*** MATERIAL TO PROCESS Section Begins ***

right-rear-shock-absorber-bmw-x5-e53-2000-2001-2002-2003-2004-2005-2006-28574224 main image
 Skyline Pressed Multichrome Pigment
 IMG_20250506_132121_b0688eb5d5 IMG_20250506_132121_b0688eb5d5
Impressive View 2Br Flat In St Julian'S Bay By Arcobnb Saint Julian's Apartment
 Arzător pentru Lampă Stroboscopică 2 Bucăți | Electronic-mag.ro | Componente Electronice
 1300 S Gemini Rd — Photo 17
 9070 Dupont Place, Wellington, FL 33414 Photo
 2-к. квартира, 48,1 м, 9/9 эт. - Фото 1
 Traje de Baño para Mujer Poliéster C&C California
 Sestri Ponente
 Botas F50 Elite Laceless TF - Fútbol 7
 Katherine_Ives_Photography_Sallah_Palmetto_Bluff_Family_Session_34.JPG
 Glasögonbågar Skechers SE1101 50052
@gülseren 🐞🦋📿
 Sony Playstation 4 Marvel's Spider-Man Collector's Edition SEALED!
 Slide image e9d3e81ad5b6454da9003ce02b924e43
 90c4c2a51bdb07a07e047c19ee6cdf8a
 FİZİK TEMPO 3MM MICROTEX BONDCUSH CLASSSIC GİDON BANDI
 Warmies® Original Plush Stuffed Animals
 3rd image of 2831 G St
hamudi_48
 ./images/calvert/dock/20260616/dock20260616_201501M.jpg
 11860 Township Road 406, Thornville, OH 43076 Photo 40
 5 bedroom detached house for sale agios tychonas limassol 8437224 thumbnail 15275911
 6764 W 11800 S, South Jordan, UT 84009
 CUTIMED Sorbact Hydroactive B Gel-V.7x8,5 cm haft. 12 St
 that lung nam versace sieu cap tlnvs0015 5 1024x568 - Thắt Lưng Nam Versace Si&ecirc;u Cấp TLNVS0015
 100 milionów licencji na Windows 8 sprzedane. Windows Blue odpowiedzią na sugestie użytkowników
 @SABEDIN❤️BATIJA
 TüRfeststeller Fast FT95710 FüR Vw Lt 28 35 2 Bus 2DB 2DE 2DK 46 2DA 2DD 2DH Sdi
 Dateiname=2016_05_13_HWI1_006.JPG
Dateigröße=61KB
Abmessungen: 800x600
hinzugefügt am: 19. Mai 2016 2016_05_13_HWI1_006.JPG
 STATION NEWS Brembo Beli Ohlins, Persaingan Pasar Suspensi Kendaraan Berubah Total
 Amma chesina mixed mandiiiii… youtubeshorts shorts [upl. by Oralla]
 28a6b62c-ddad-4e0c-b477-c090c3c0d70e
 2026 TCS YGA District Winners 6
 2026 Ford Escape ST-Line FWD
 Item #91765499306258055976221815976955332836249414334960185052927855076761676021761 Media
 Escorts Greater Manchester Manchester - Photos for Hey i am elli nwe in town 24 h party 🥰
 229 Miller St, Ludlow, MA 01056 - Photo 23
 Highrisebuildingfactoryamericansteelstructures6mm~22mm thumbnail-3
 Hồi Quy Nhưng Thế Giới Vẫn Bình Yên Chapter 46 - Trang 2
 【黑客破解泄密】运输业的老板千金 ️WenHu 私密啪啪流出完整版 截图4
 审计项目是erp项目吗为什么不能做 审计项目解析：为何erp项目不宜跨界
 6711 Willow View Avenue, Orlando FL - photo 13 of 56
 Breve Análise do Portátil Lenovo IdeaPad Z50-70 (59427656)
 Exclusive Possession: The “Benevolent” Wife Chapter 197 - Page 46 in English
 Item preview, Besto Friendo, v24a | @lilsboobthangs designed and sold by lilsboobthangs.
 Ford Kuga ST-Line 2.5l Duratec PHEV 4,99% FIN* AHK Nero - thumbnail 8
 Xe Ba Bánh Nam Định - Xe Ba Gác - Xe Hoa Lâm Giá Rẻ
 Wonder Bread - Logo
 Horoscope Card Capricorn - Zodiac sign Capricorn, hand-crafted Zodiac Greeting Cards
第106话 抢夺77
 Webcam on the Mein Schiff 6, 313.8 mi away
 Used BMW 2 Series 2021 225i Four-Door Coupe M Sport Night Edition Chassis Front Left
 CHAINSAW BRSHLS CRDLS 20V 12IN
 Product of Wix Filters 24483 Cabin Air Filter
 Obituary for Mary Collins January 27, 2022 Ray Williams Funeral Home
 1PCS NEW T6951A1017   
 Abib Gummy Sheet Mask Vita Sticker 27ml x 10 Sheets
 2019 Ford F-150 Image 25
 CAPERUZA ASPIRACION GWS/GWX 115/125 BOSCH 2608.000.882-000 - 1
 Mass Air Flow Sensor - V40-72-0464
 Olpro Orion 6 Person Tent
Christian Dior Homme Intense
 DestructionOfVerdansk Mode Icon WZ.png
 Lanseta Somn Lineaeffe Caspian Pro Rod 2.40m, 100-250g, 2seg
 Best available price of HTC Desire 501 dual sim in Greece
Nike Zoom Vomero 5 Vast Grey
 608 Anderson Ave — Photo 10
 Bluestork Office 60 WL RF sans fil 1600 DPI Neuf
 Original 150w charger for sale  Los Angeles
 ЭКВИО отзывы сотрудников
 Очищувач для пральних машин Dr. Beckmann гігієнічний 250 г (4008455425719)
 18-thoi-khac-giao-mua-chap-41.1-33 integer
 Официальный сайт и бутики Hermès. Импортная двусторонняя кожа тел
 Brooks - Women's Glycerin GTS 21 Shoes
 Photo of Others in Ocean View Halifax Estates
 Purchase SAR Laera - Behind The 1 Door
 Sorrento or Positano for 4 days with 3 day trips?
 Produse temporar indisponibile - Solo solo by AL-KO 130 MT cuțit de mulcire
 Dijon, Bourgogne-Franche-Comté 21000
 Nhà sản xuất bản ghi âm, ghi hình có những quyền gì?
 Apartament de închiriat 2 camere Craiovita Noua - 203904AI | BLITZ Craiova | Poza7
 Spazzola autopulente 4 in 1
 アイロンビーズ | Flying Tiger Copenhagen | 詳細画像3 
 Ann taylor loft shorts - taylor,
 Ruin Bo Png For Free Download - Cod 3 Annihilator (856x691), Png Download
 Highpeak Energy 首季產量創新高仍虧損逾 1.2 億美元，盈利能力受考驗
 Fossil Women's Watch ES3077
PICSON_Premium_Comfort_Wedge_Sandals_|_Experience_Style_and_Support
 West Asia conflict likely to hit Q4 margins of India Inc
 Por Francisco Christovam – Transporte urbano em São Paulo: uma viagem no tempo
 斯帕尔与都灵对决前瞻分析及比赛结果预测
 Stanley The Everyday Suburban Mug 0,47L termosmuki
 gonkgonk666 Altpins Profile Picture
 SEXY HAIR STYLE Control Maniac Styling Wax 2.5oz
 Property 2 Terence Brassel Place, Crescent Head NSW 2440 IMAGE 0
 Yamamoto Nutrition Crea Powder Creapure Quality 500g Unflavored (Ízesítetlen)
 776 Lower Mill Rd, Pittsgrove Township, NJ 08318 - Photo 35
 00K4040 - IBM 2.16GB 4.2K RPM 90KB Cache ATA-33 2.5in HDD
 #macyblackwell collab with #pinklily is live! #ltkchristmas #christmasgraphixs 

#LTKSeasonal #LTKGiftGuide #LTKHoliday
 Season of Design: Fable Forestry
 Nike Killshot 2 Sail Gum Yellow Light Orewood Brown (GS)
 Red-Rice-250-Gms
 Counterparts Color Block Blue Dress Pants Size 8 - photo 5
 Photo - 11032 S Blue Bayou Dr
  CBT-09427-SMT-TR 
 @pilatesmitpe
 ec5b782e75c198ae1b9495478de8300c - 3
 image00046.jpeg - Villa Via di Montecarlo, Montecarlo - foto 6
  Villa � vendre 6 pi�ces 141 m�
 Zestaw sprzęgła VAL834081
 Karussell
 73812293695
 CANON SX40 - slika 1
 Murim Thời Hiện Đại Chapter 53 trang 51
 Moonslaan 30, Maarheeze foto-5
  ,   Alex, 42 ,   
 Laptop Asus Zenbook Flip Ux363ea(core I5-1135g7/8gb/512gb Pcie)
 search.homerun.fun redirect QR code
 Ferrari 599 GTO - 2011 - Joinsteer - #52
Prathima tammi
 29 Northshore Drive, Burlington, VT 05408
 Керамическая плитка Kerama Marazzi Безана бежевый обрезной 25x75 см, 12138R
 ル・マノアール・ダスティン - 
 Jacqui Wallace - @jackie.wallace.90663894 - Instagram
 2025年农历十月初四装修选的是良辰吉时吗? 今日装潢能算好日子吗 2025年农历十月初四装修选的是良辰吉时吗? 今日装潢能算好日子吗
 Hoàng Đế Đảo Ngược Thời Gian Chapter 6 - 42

*** MATERIAL TO PROCESS Section Ends ***

**TASK STATEMENT:** Transcribe the records above exactly, beginning at the line that contains "Purchase SAR Laera - Behind The 1 Door" and ending with the line that contains "Property 2 Terence", both included, and nothing else.

**SOLVED EXERCISE:**
 Purchase SAR Laera - Behind The 1 Door
 Sorrento or Positano for 4 days with 3 day trips?
 Produse temporar indisponibile - Solo solo by AL-KO 130 MT cuțit de mulcire
 Dijon, Bourgogne-Franche-Comté 21000
 Nhà sản xuất bản ghi âm, ghi hình có những quyền gì?
 Apartament de închiriat 2 camere Craiovita Noua - 203904AI | BLITZ Craiova | Poza7
 Spazzola autopulente 4 in 1
 アイロンビーズ | Flying Tiger Copenhagen | 詳細画像3 
 Ann taylor loft shorts - taylor,
 Ruin Bo Png For Free Download - Cod 3 Annihilator (856x691), Png Download
 Highpeak Energy 首季產量創新高仍虧損逾 1.2 億美元，盈利能力受考驗
 Fossil Women's Watch ES3077
PICSON_Premium_Comfort_Wedge_Sandals_|_Experience_Style_and_Support
 West Asia conflict likely to hit Q4 margins of India Inc
 Por Francisco Christovam – Transporte urbano em São Paulo: uma viagem no tempo
 斯帕尔与都灵对决前瞻分析及比赛结果预测
 Stanley The Everyday Suburban Mug 0,47L termosmuki
 gonkgonk666 Altpins Profile Picture
 SEXY HAIR STYLE Control Maniac Styling Wax 2.5oz
 Property 2 Terence Brassel Place, Crescent Head NSW 2440 IMAGE 0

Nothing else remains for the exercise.